Intanto Piantedosi lancia appelli sui rimpatri, ricordandoci implicitamente che senza accordi sui rimpatri anche il progetto albanese è solo un boomerang, perché chi non può essere rimpatriato viene rispedito da Tirana a Roma.
Il progetto di Darmanin
«Una minoranza di estrema destra sarà quindi in grado di dettar legge alla maggioranza europeista?», domandava provocatoriamente pochi giorni fa il capogruppo dei liberali di Renew, Stéphane Séjourné, macroniano fedelissimo e disposto a far da capolista alle europee mentre il suo campo di riferimento è a rischio di scomposizione.
In realtà i macroniani stanno già correndo verso destra, come mostra bene il caso del progetto di legge sull’immigrazione. Si tratta di una bandiera di Darmanin, l’ex portavoce di Sarkozy che da ministro degli Interni macroniano si è distinto come l’ala dura, al punto da definire «troppo morbida» Marine Le Pen.
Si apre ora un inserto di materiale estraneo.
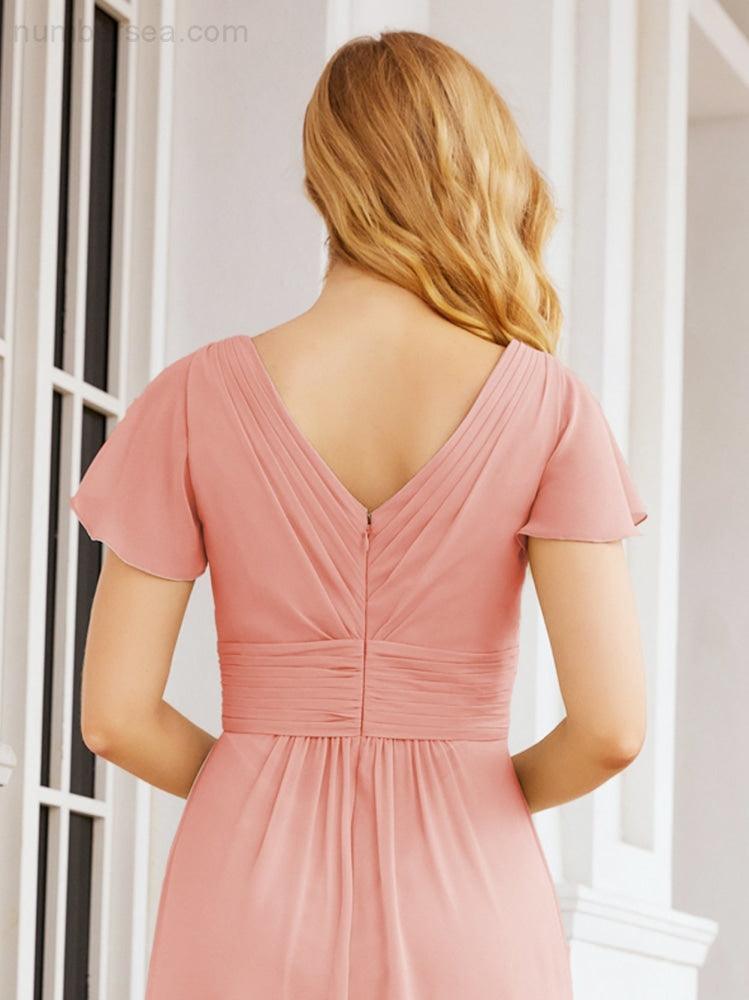 Vestidos de Baile Formais Numbersea para Mãe da Noiva com Mangas de Renda Vestido de Dama de Honra 28047
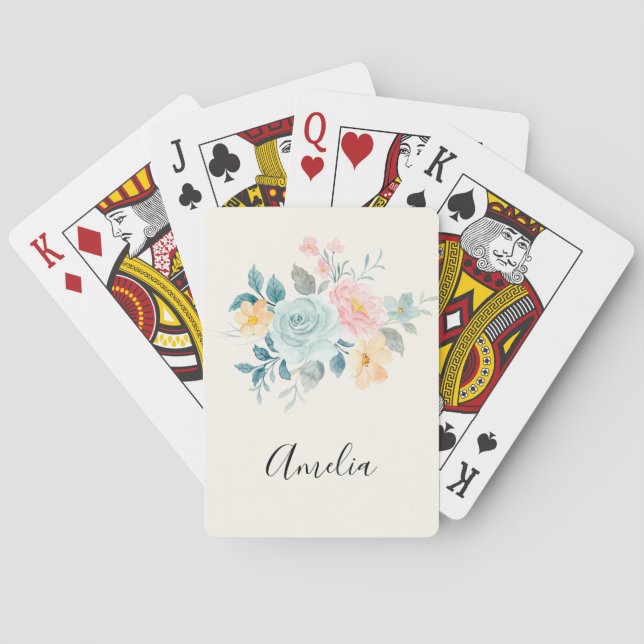 Jeu De Cartes Bouquet de fleurs rose et bleu élégant (dos)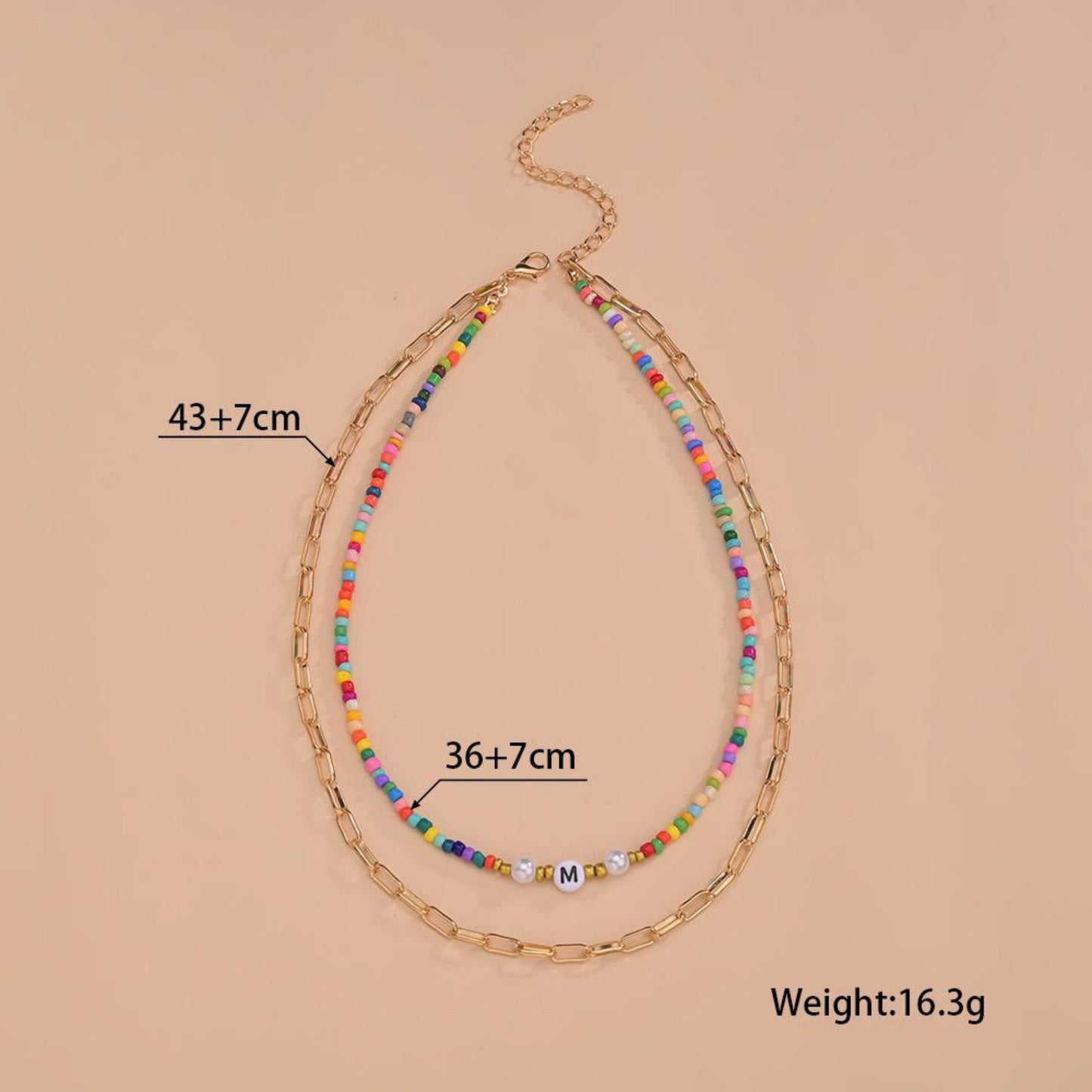 Details for the Layered Bead Necklace. Perfect Gift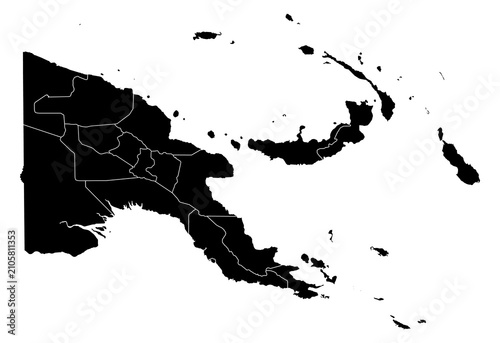 Obraz na płótnie A contour map of Papua New Guinea with provincial borders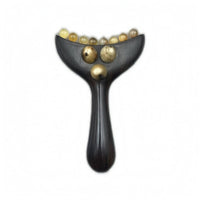 Wooden Face Massage Tool Polished Finish Wooden Face Massager Gold-Colored Metal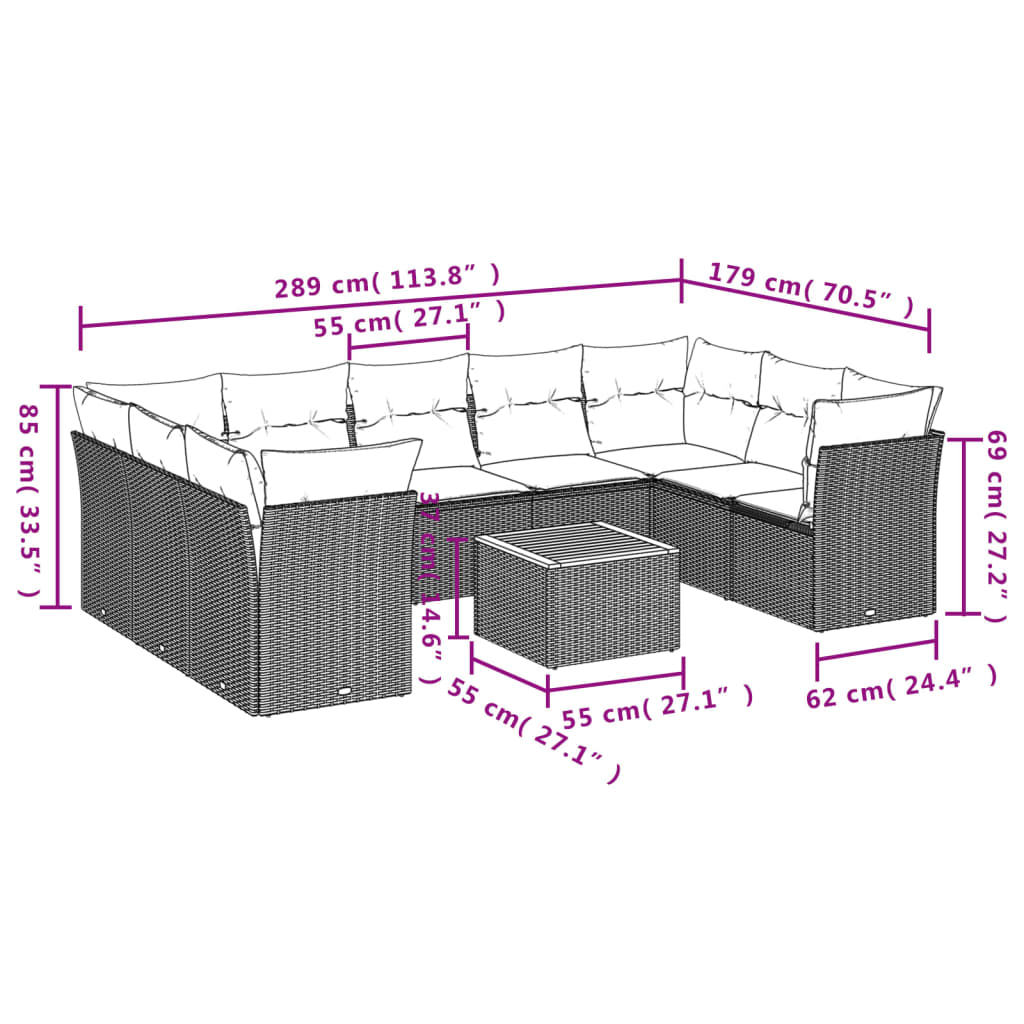 vidaXL 10 pcs conjunto de sofás p/ jardim com almofadões vime PE bege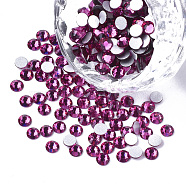 Glass Flat Back Rhinestone Cabochons, Back Plated, Faceted Half Round, Fuchsia, SS12, 3~3.2x1.5mm, about 1440pcs/bag(RGLA-S002-12SS-26)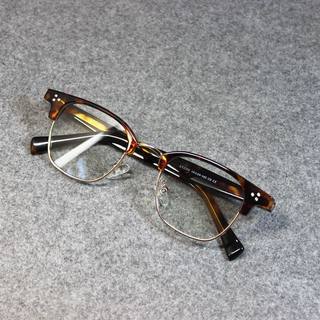 European and American Vintage Unisex Retro Black Metal Half-Frame Non-Prescription Glasses Trendy Acetate Temple Eyeglass Frames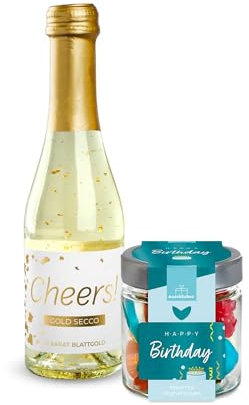 naschlabor 2er-Set Gold Secco Cheers! + Fruchtgummi Happy Birthday 120g | Geburtstag | Geburtstaggeschenk | Geburtsttagsparty | Konfetti | Dein Mitbringsel zum Geburtstag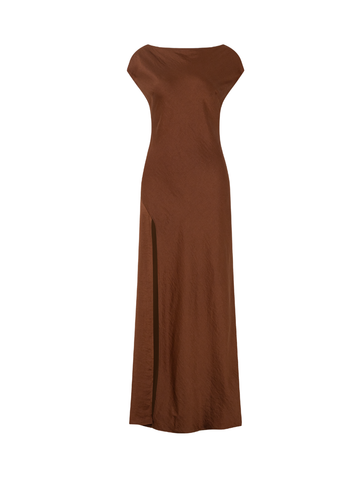 Silk Blend Slit Dress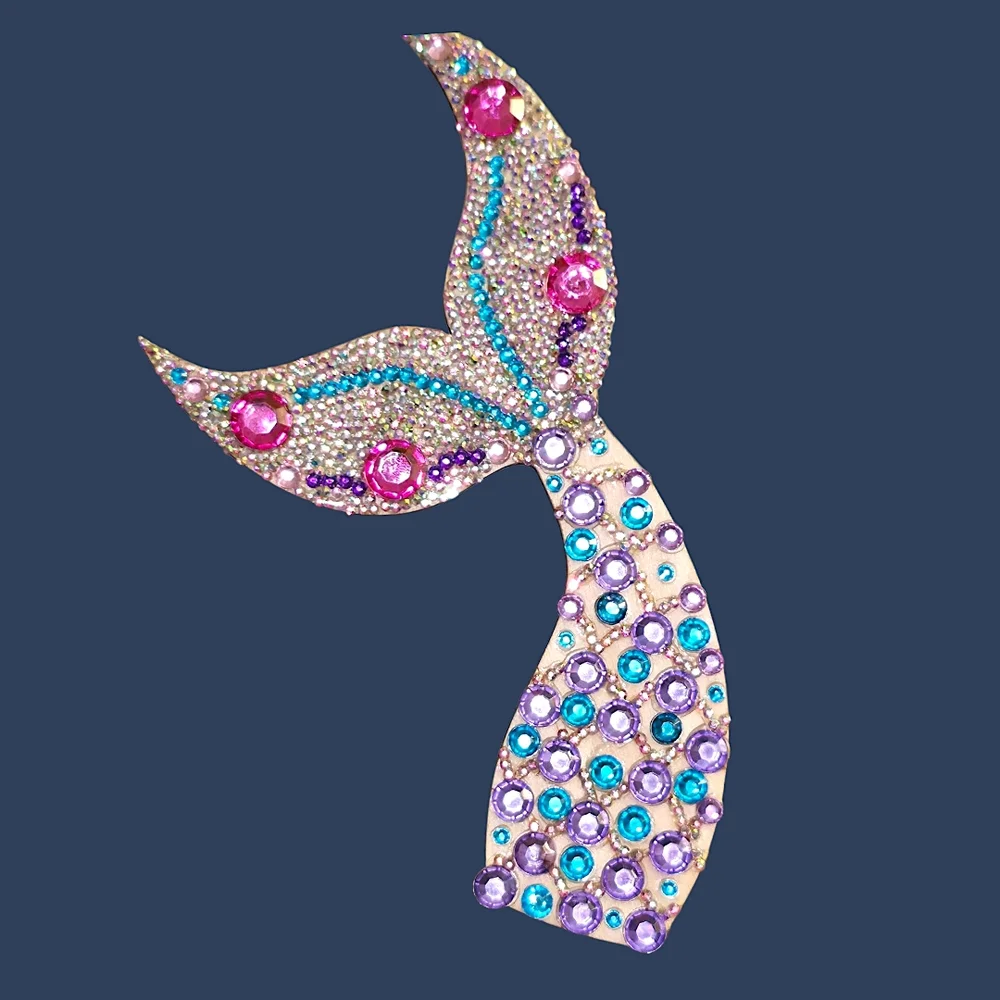 (1) Handmade 7 Inch Mermaid Tail Rhinestone Cake Topper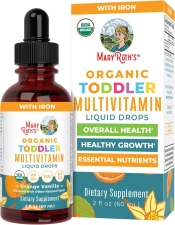 MaryRuths Organic Toddler Multivitamin Liquid Drops Iron Orange Vanilla Vegan Non-GMO 2 fl oz 60 ml Overall Wellness
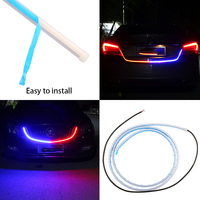 Bande lumineuse souple à LED pour voiture avec lumière en silicone à double clignotement rouge et bleu et changement automatique de bande lumineuse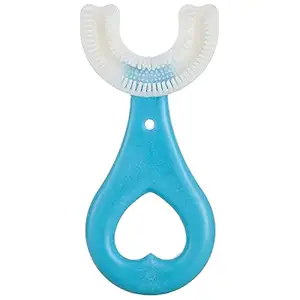 Js U-Shaped Toothbrush For 2-6 Years, Teeth Dental Care Hand-Held Version, Food Grade Soft Silicone Brush Head, Manual Toothbrush 360? Oral Teeth Cleaning Tools..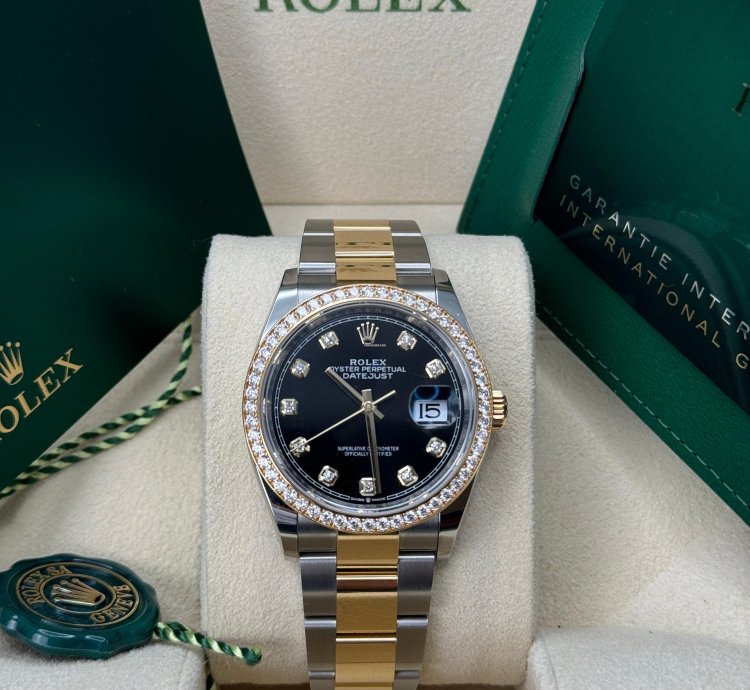 Rolex Datejust 36 New 2024 Black Diamond Dial Diamond Bezel Two Tone Yellow Gold Oyster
Poiché Macron non ha maggioranza assoluta in aula, e visto che Darmanin punta alla competizione a destra specialmente se la formazione centrista macroniana dovesse scomporsi, il ministro non ha esitato a indurire anche il progetto di legge, pur di attirare a sé pezzi di destra.
Così nel passaggio al Senato, il testo rende più difficile il ricongiungimento familiare e prevede prestazioni sanitarie statali «solo se urgenti» (questione cioè di vita o di morte) per chi non ha il permesso di soggiorno; si noterà la eco lepeniana, in questa mutazione da “aiuto medico statale” ad “aiuto urgente vitale”.
La versione “dura” è arrivata quindi all’Assemblea nazionale; Darmanin festeggia da quando un gruppo di 17 deputati repubblicani ha firmato una lettera aperta per sostenere il suo progetto di legge.